Seventy of the most skilled employees at Malden Mills will be without jobs when the company changes hands next week, the result of a vote not to accept a contract one member called a "slap in the face."
Members of the Area Trades Council voted 47-15 Thursday to reject the contract, which would have frozen wages for two years and required workers to pay a larger portion of their health insurance. The contract also would have done away with paid sick time and required workers to pitch in for life insurance.
The 500 members of Local 311, another union at Malden Mills, voted by a nearly 2-1 margin to accept the contract. They have been guaranteed employment with Polartec LLC, the company Malden Mills will become when Philadelphia-based Chrysalis Capital Partners purchases it for $44 million, likely next week.
But the members of the Area Trades Council will be laid off and must reapply for their jobs - with no guarantees - since they rejected the company's proposal.
"I think it's a big slap in the face that they dropped this contract (on us)," said chief shop steward Scott Albis. "People are going to die over this. They're not going to have health insurance."
"We have a heart recipient, who had a heart transplant. We have a person with a kidney transplant," he said.
Albis, an electrician at Malden Mills for 30 years, said 'anger' is too tame a word to describe the feelings of Area Trades Council members. The workers will have to reapply for their jobs, provided those jobs are even available. Neither union organizer Richard Monks nor Malden Mills CEO Michael Spillane could say for sure if they would be. Spillane said there are no plans to negotiate with the union. Monks said that was one of the reasons the contract was rejected.
Malden Mills, $130 million in debt, filed for bankruptcy Jan. 10. A federal judge earlier this week approved the sale to Chrysalis.
Area Trades Council members are aware of the ramifications of their decisions, but were livid over the conditions of the contract, the denial of negotiations and the eight days they were given to make a decision, Monks said. The brazen vote will come as a surprise to many, Monks said, but not those who know the workers personally.
"I think what people don't understand, and often downplay, is the importance of maintaining some dignity," he said. "It's a resounding vote. It's a definite vote. It really expresses both the anger and frustration of the group."

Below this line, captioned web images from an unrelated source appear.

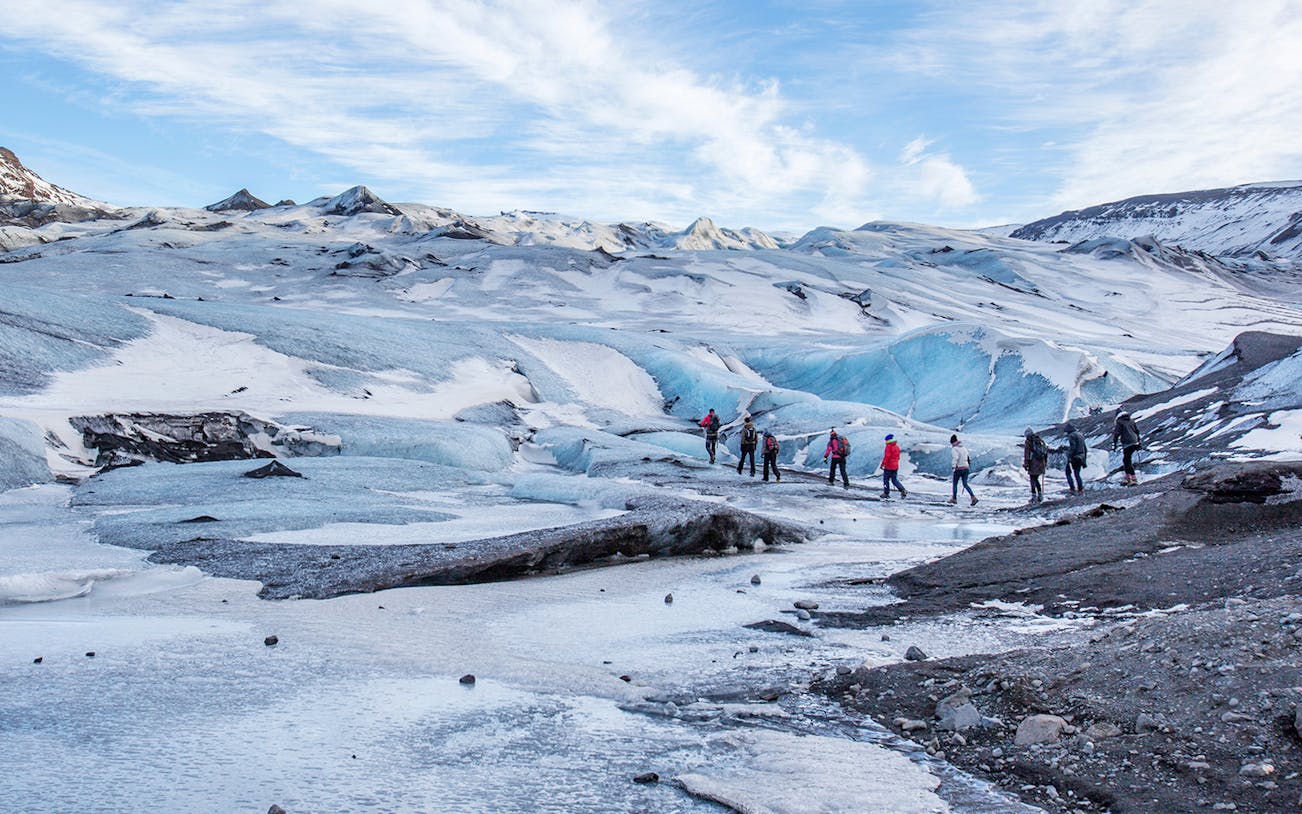 Group hiking on Sólheimajökull Glacier during South Coast Half Day Tour in Iceland.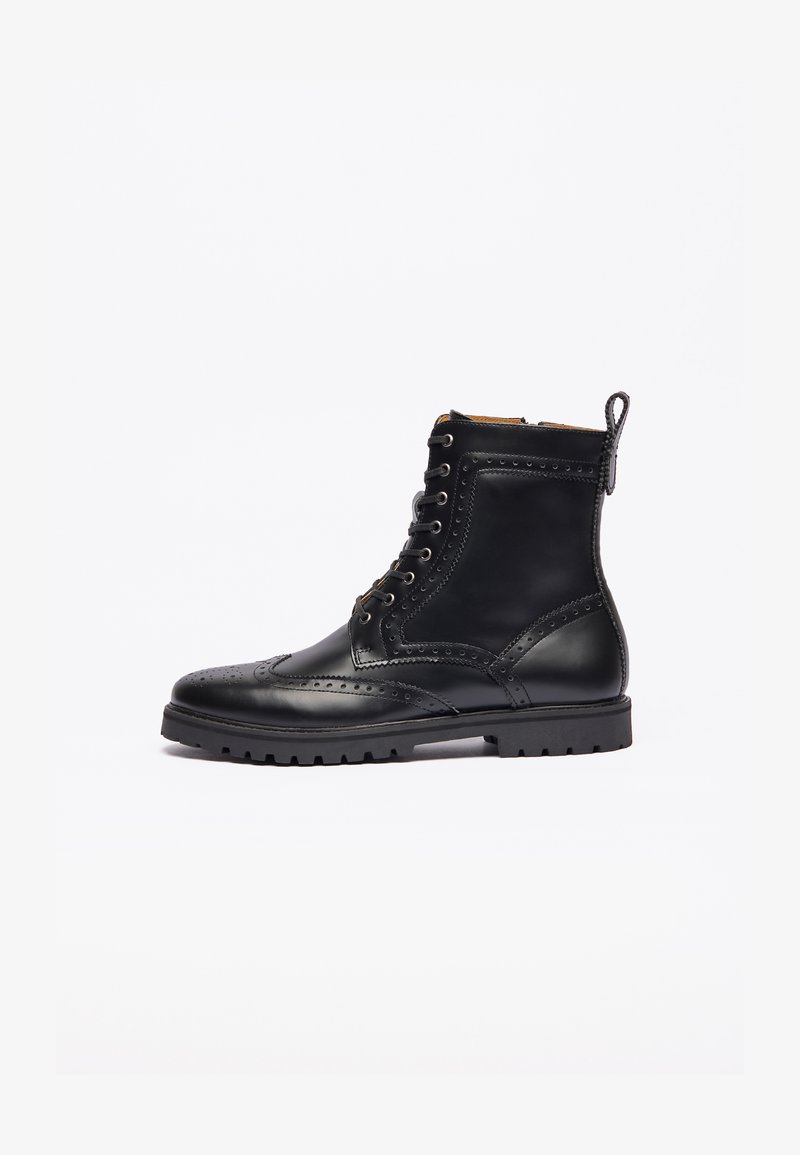 Bottine en cuir noir avec des détails brogue, à lacets à l'avant, tirant à l'arrière, et semelle en caoutchouc épaisse à crampons, présentée en profil latéral.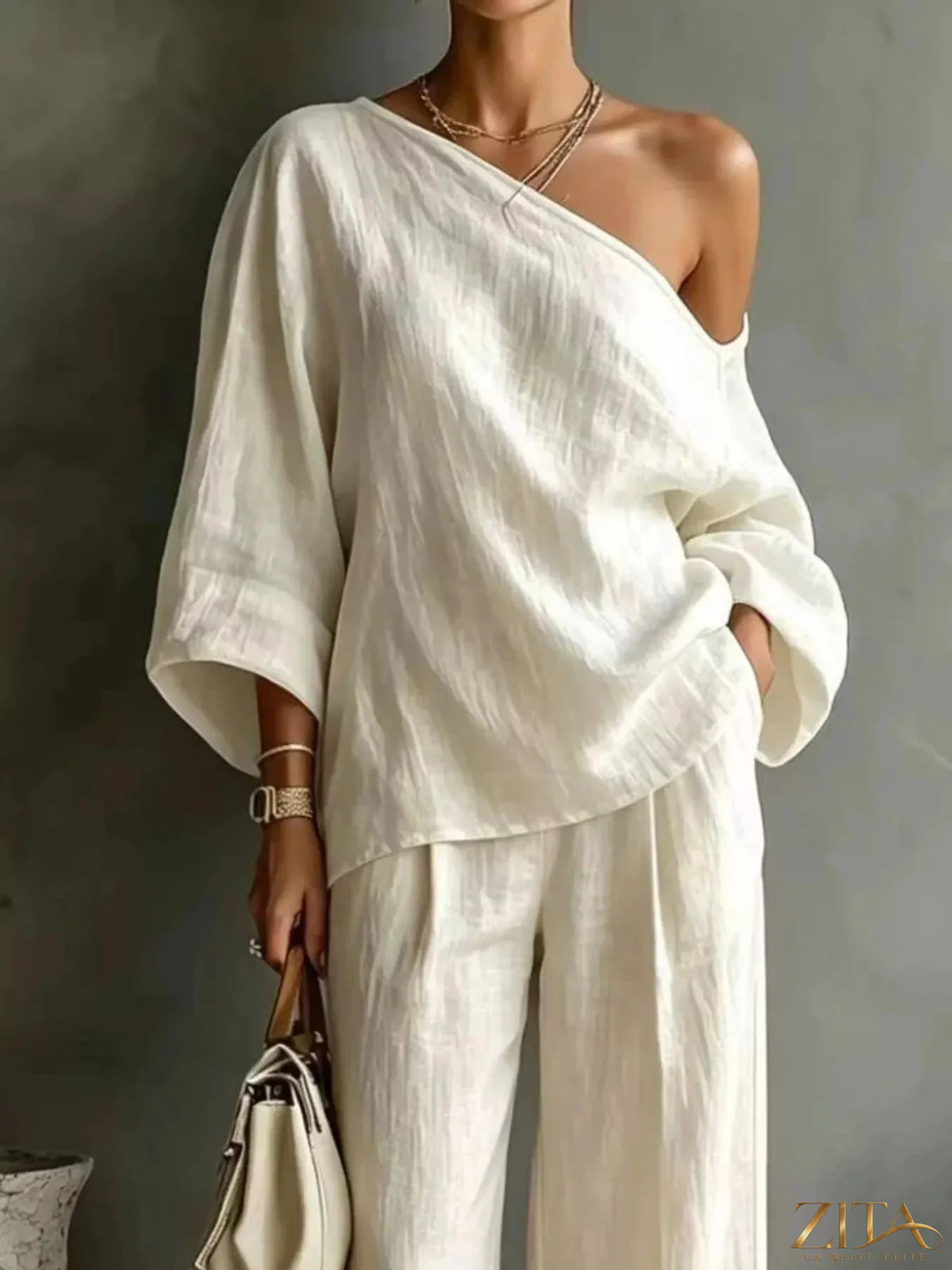 Zita La Belle Elite one shoulder top and wide leg pants set, stylish fashion ensemble with fitted top and flowy trousers.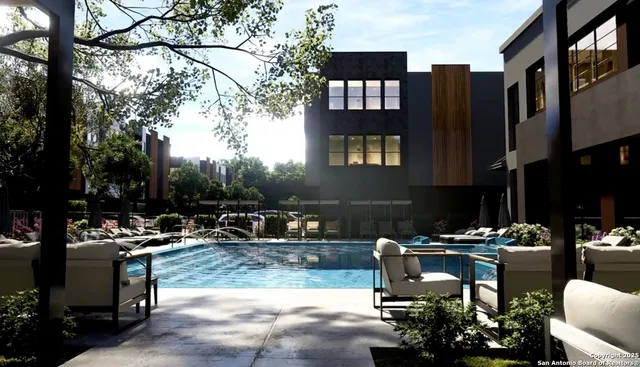 a swimming pool view with a outdoor seating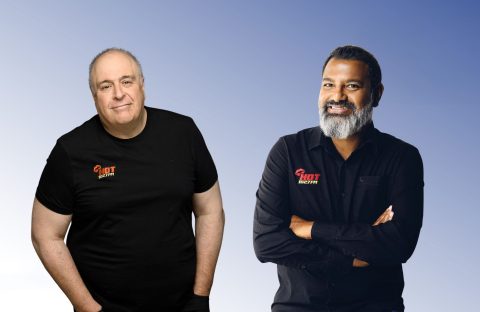 Two men stand before a gradient blue background, both wearing HOT Realty shirts. Lloyd Madurai, on the right in a black button-up shirt with arms crossed, smiles beside another man in a black t-shirt.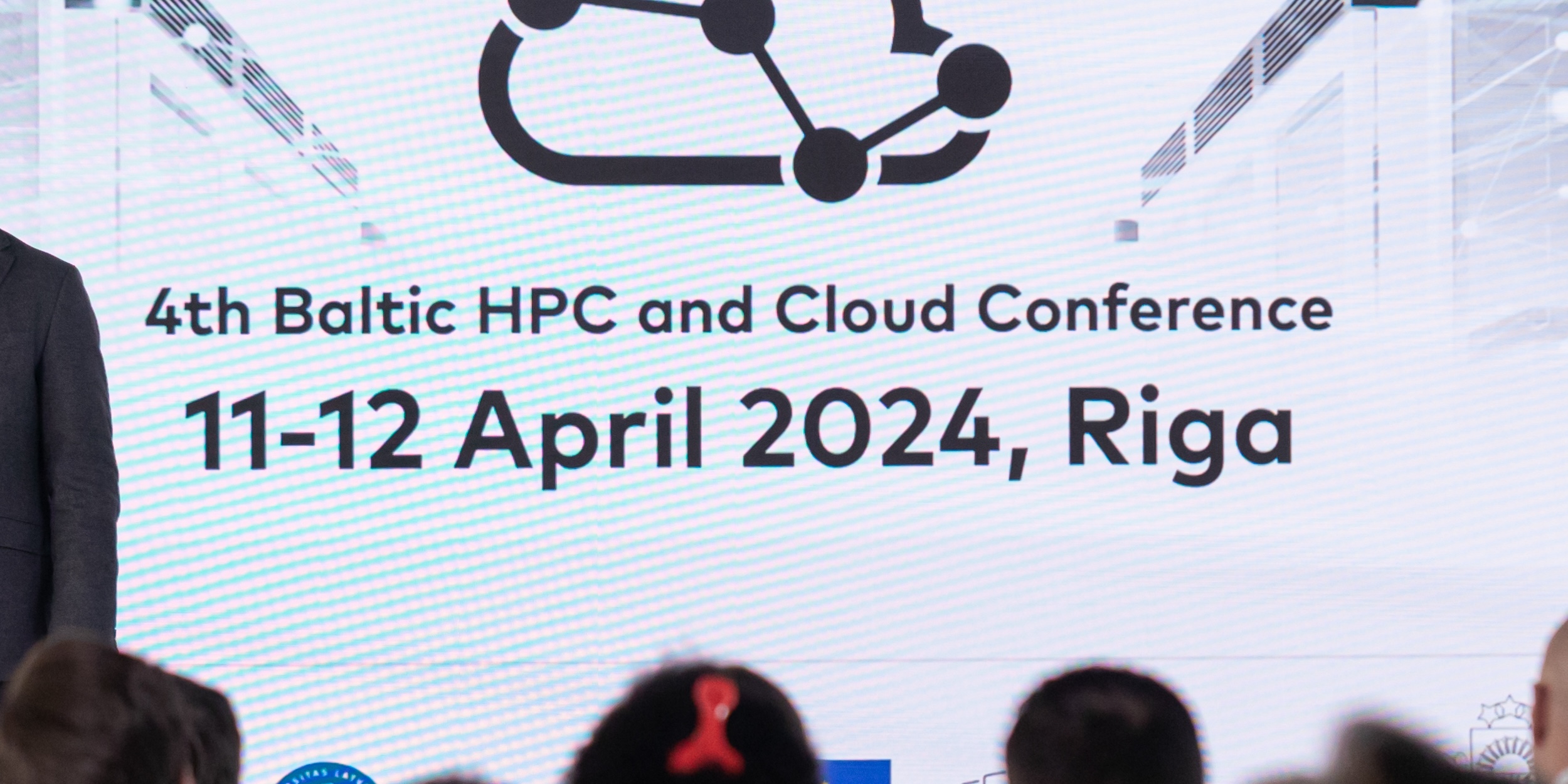 A screen showing the title of the conference. 4th Baltic HPC and Cloud Conference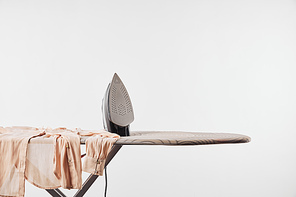 Shirt and iron on ironing board isolated on grey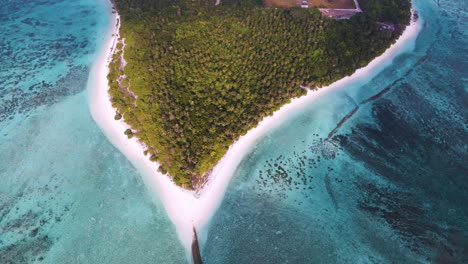 Top-view-of-the-Maldives-island,-where-the-city-is-located,-surrounded-by-the-incredible-color-of-the-water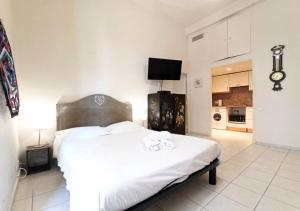 Cet appartement comprend une chambre avec un grand lit blanc et une cuisine. dans l'établissement Viva Riviera Residence Marina Croisette, à Cannes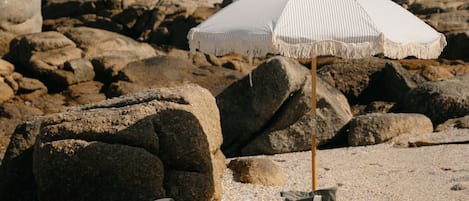 En strandscene med en hvid parasol, en strandstol, et håndklæde, en taske og en kurv i sandet.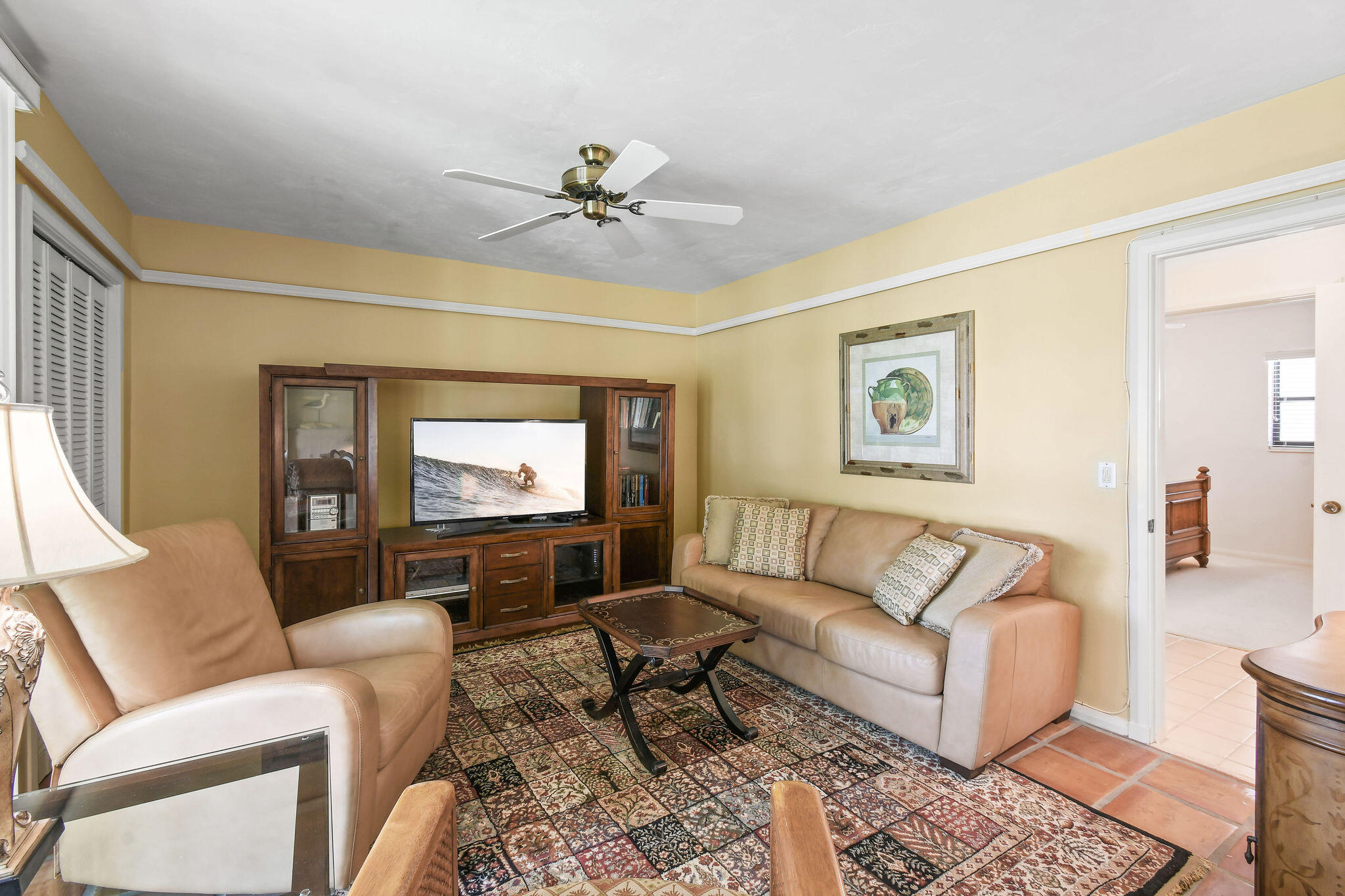 3 Southeast Turtle Creek Drive, Unit E Tequesta, FL 33469 - Photo 25 of 51 a living room with furniture and a flat screen tv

Monks met with Spillane yesterday morning to deliver the union's decision. At that time, he learned that union members, should they not be rehired, will not receive continuing health benefits under the federal Consolidated Omnibus Budget Reconciliation Act, or COBRA.
Spillane said that is because Malden Mills will essentially cease to exist as a company and therefore cannot pay health benefits.
"I'm disappointed and I'm concerned for them," Spillane said yesterday. "It was in their hands to make a decision and they've made a decision."
Albis said employee cuts should have come from management and not from laborers who have committed their careers to Malden Mills while accepting low raises. Albis said he has seen his wages increase 1 percent in seven years.
"After my deductions, I'm embarrassed to tell you what I bring home," he said.
The Area Trades Council members are the highest-paid laborers at Malden Mills. They include electricians, mechanics and knit technicians who service and maintain the factory's sewing machines. Local 311, a member of national organization Unite Here, represents production workers.
Spillane said he was "pleased" that Unite voted to accept the contract. "And we look forward to working together."